What you should do: From the listing that follows, reproduce only the lines from the one holding "2018 Suzuki Swift GL Navigator AZ" through the one holding "Samsung To Soon", both included, with no pictures.

[Material for this task]

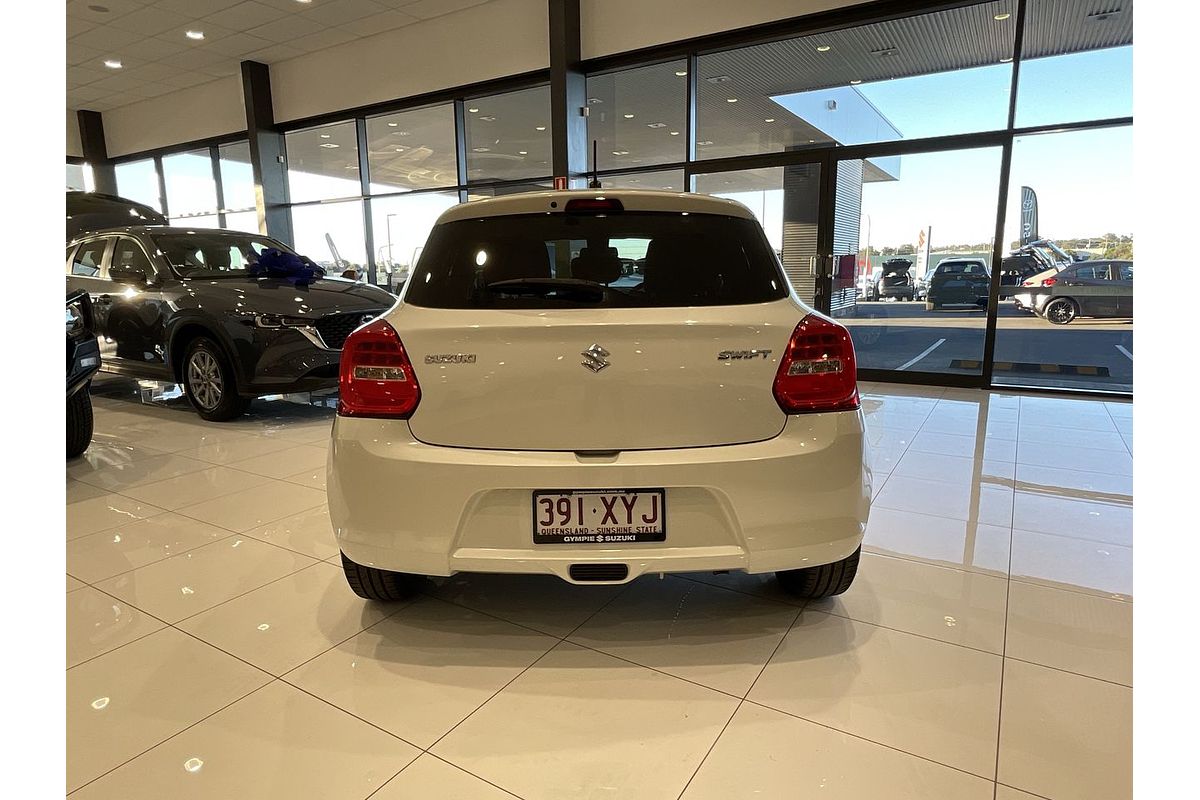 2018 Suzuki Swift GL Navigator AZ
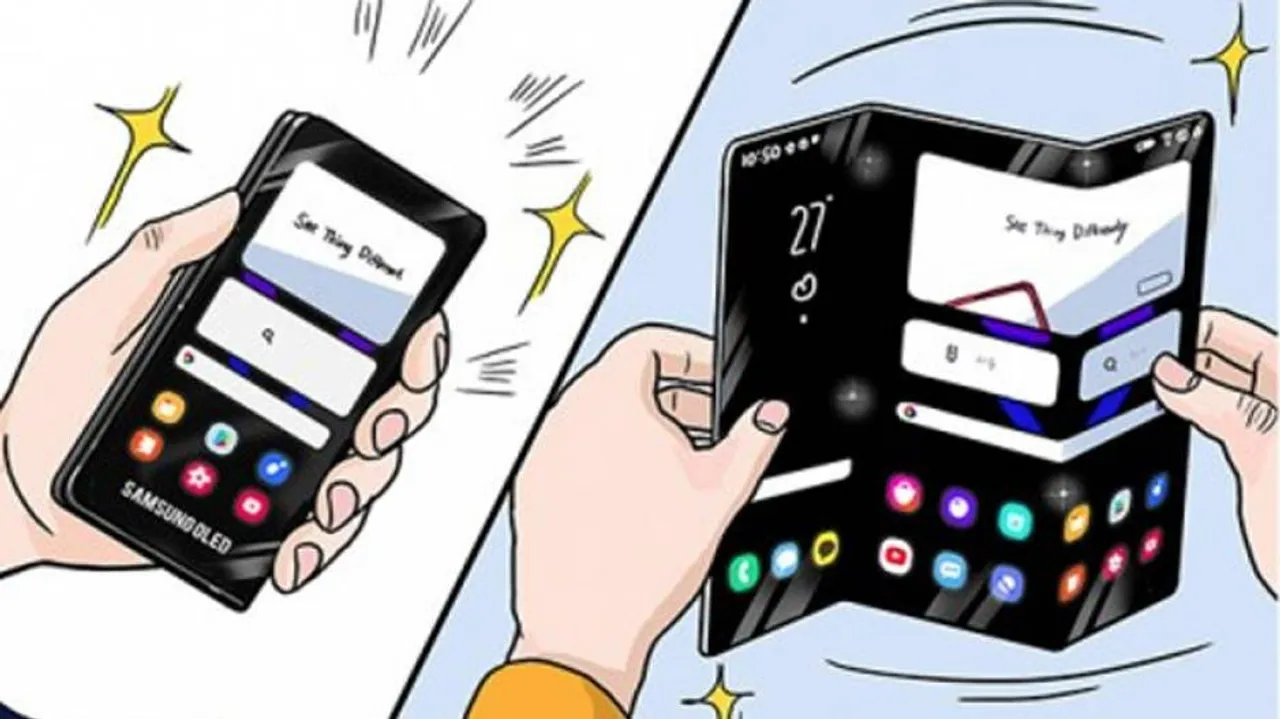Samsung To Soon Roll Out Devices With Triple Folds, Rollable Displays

[/Material for this task]
[Material for this task]

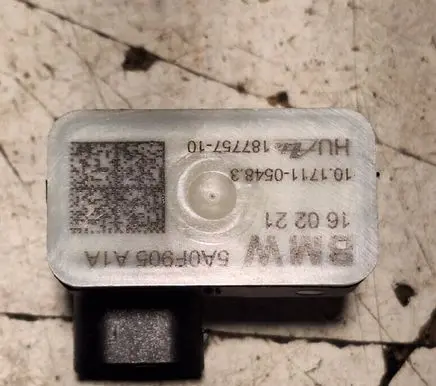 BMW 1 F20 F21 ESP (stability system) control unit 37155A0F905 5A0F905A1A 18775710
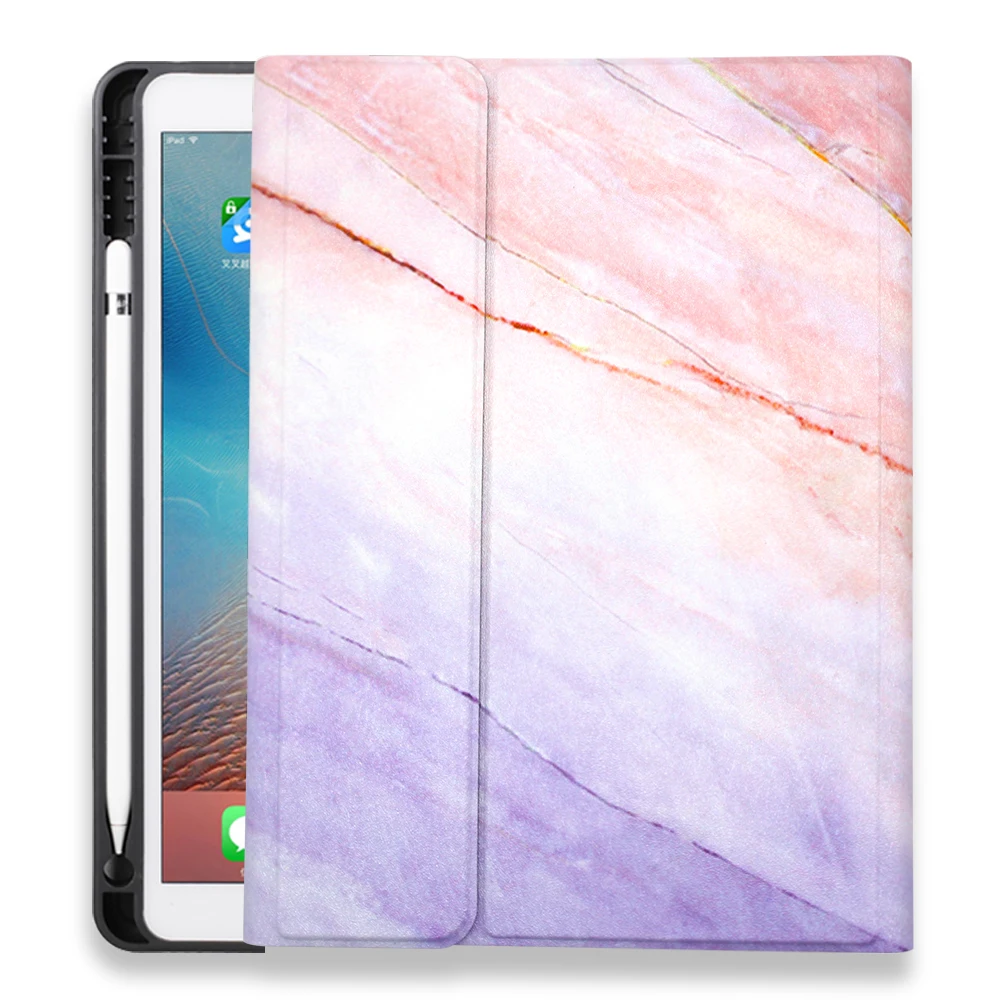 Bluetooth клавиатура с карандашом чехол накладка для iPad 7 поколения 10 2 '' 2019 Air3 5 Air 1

[/Material for this task]
[Material for this task]

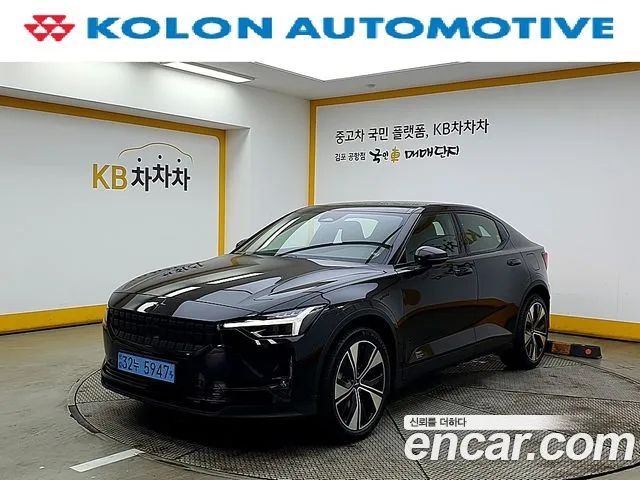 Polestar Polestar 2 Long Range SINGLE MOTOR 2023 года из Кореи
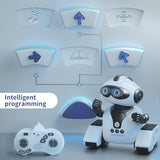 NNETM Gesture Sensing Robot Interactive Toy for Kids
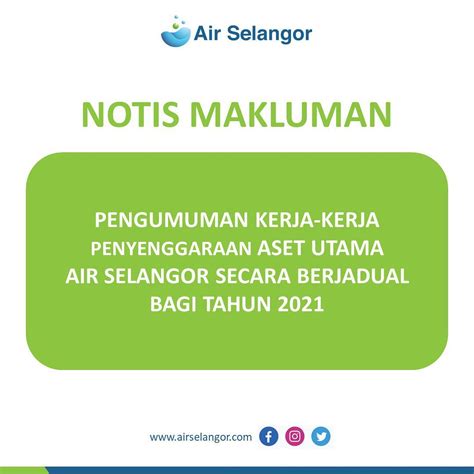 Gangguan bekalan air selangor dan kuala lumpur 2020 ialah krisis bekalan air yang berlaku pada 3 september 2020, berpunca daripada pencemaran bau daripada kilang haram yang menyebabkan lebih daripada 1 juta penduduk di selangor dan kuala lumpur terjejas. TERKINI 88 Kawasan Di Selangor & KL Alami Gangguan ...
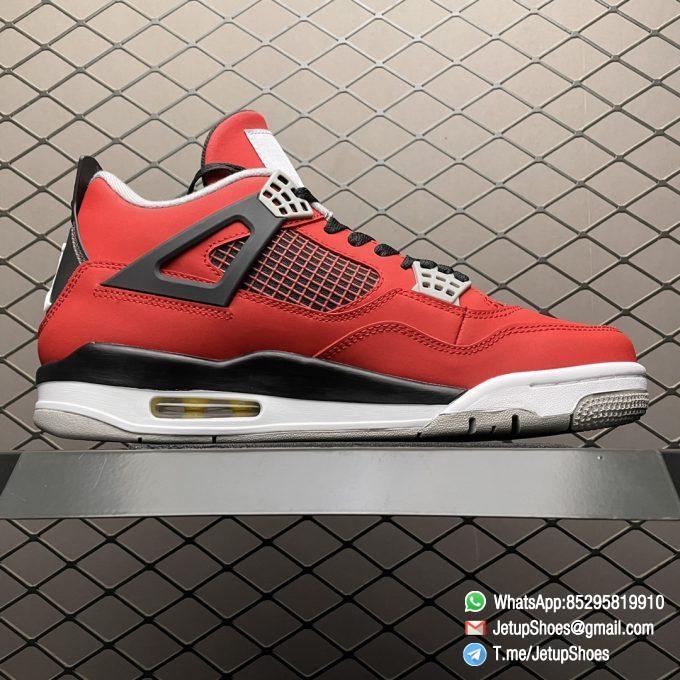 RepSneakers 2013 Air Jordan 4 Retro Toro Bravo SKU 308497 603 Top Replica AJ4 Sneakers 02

[/Material for this task]

Response area:
 2018 Suzuki Swift GL Navigator AZ
Samsung To Soon Roll Out Devices With Triple Folds, Rollable Displays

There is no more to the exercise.